We found a significant reduction in infarct volume in parecoxib treated animals one week after tMCAo (p < 0.03). Cortical ADC values in the parecoxib group were markedly less increased on Day 8 (p < 0.01). Interestingly, the parecoxib treated rats were segregated into two subgroups, suggesting a responder vs. non-responder phenomenon. We found indications of mRNA up-regulation of IL-1beta, IL-6, TNF-alpha and COX-2, whereas COX-1 remained unaffected. Hippocampal granule cell BrdU incorporation was not affected by parecoxib treatment. Presence of ED-1+ activated microglia in the hippocampus was related to an increase in BrdU uptake in the DG.

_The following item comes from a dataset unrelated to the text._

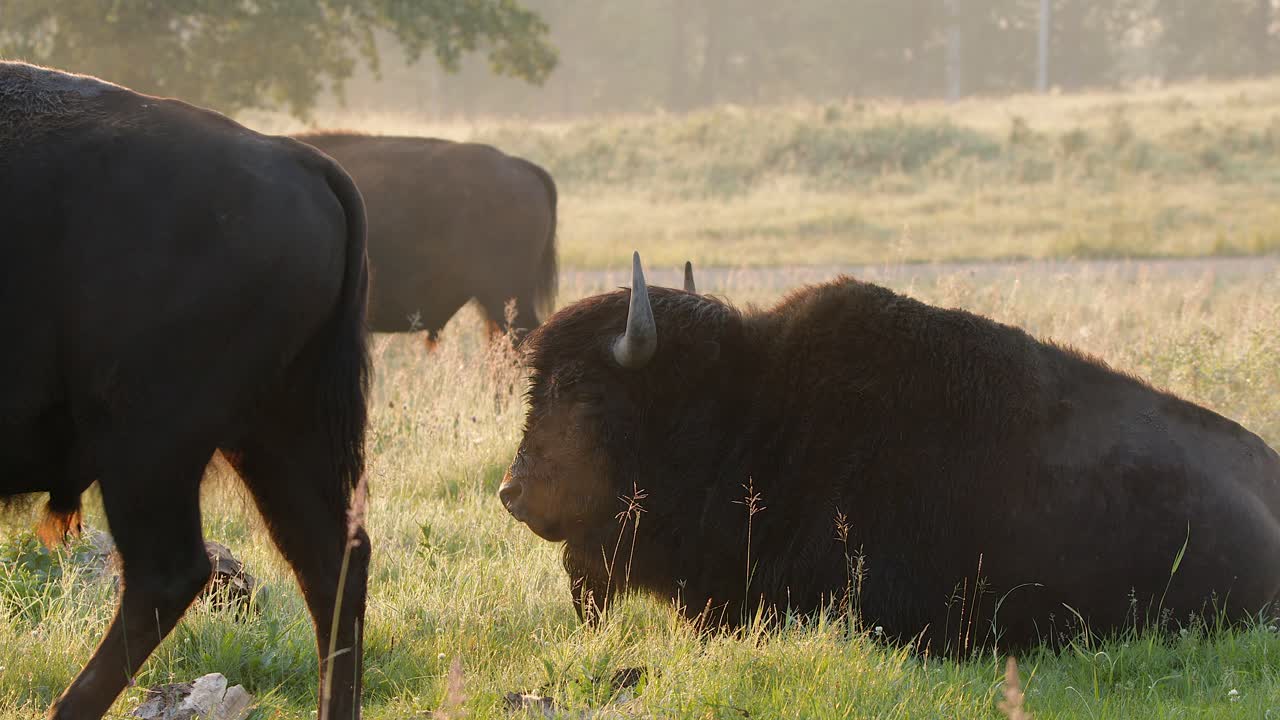 Herd of Plains bison relax on cool golden hour prairie grass morning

IP parecoxib administration during tMCAo was neuroprotective, as evidenced by a large reduction in mean infarct volume and a lower cortical ADC increment. Increased pro-inflammatory cytokine mRNA levels and hippocampal granule cell BrdU incorporation remained unaffected.
在脑缺血的啮齿动物模型中,抗炎治疗会影响缺血性损伤和神经发生。我们研究了帕瑞昔布抑制环氧化酶-2(COX-2)对短暂大脑中动脉闭塞(tMCAo)的自发性高血压大鼠(SHR)的潜在益处。

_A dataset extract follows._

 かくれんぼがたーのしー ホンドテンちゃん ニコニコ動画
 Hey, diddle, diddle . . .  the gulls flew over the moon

64只雄性SHR被随机分为接受90分钟管腔内tMCAo或假手术。在手术过程中腹腔注射(IP)帕瑞昔布(10mg/kg)或等渗盐水,此后每天两次。24小时后对19只动物实施安乐死,通过定量逆转录聚合酶链反应(RT-PCR)检测每个半球促炎细胞因子和COX酶的mRNA表达。在最初24小时内对23只tMCAo动物进行扩散加权和T2加权磁共振成像(MRI)检查,其中10只SHR在6天后接受随访MRI检查。在tMCAo后第4至7天,对33只SHR每天两次给予5-溴-2'-脱氧尿苷(BrdU)。在第8天对动物实施安乐死,通过游离漂浮免疫组织化学法研究大脑中活化小胶质细胞(ED-1)、海马颗粒细胞BrdU掺入情况以及神经元核(NeuN)。使用二维核计数器和卡瓦列里原理在NeuN染色的冠状脑切片上估计梗死体积。使用光学分割器估计海马齿状回(DG)中BrdU+细胞的总数。
我们发现tMCAo一周后,帕瑞昔布治疗组动物的梗死体积显著减小(p<0.03)。在第8天,帕瑞昔布组的皮质表观扩散系数(ADC)值增加明显较少(p<−0.01)。有趣的是,帕瑞昔布治疗的大鼠被分为两个亚组,提示存在反应者与无反应者现象。我们发现白细胞介素-1β(IL-1β)、白细胞介素-6(IL-6)、肿瘤坏死因子-α(TNF-α)和COX-2的mRNA上调,而COX-1不受影响。帕瑞昔布治疗不影响海马颗粒细胞BrdU掺入。海马中ED-1+活化小胶质细胞的存在与DG中BrdU摄取增加有关。
tMCAo期间腹腔注射帕瑞昔布具有神经保护作用,平均梗死体积大幅减小和皮质ADC增量较低证明了这一点。促炎细胞因子mRNA水平升高和海马颗粒细胞BrdU掺入不受影响。